*What you will do:* The expected answer is the set of lines in the data below between the line holding "北京炸酱面，金融科技产品中的‘味蕾’创新如何‘酱’出特色？" and the line holding "Trademark Logo GUAC SQUAD", inclusive, written out exactly.

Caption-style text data
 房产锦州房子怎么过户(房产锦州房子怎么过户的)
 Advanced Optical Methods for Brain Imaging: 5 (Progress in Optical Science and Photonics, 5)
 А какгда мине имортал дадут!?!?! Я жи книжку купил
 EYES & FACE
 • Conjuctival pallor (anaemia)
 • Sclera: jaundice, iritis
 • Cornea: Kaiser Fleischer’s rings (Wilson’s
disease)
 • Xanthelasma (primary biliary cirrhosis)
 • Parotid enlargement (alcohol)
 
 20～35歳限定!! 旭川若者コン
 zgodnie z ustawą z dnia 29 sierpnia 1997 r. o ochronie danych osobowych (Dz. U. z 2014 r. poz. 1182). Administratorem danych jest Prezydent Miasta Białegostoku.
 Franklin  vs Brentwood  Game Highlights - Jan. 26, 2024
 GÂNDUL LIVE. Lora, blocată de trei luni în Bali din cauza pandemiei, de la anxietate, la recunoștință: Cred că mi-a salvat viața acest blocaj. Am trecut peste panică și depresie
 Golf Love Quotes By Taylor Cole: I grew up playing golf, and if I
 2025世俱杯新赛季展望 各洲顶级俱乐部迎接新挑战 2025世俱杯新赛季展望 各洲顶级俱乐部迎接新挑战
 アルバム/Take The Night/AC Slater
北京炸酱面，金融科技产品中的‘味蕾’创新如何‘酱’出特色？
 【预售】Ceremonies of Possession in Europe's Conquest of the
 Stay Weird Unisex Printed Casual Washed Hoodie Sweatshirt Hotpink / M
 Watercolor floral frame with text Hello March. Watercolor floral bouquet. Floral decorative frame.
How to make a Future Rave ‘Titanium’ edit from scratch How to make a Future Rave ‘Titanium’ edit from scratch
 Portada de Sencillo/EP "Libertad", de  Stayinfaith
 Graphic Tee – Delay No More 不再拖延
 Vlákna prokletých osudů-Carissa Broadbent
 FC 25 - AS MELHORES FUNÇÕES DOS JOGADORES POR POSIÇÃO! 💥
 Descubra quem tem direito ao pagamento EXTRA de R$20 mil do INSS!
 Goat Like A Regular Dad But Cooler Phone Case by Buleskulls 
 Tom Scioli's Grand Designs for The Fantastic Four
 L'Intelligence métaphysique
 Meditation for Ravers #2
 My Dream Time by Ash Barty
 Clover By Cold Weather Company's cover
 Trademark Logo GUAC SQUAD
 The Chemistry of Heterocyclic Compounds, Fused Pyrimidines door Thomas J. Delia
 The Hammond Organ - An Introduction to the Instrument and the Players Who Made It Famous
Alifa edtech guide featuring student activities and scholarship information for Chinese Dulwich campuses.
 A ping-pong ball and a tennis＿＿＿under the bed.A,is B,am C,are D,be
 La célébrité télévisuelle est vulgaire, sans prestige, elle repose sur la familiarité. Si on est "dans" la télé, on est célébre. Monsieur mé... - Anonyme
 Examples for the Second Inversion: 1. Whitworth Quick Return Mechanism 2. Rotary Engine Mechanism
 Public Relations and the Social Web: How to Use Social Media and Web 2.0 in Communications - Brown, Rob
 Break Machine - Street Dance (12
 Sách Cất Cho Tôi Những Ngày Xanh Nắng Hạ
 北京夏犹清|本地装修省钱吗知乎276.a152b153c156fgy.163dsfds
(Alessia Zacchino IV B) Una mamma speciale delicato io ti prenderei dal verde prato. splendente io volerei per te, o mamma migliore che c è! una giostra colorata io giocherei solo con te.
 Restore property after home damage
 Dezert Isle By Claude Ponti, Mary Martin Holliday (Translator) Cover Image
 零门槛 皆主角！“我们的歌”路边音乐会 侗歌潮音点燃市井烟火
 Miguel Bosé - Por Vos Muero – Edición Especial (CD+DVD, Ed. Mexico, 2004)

*Exercise result:*
北京炸酱面，金融科技产品中的‘味蕾’创新如何‘酱’出特色？
 【预售】Ceremonies of Possession in Europe's Conquest of the
 Stay Weird Unisex Printed Casual Washed Hoodie Sweatshirt Hotpink / M
 Watercolor floral frame with text Hello March. Watercolor floral bouquet. Floral decorative frame.
How to make a Future Rave ‘Titanium’ edit from scratch How to make a Future Rave ‘Titanium’ edit from scratch
 Portada de Sencillo/EP "Libertad", de  Stayinfaith
 Graphic Tee – Delay No More 不再拖延
 Vlákna prokletých osudů-Carissa Broadbent
 FC 25 - AS MELHORES FUNÇÕES DOS JOGADORES POR POSIÇÃO! 💥
 Descubra quem tem direito ao pagamento EXTRA de R$20 mil do INSS!
 Goat Like A Regular Dad But Cooler Phone Case by Buleskulls 
 Tom Scioli's Grand Designs for The Fantastic Four
 L'Intelligence métaphysique
 Meditation for Ravers #2
 My Dream Time by Ash Barty
 Clover By Cold Weather Company's cover
 Trademark Logo GUAC SQUAD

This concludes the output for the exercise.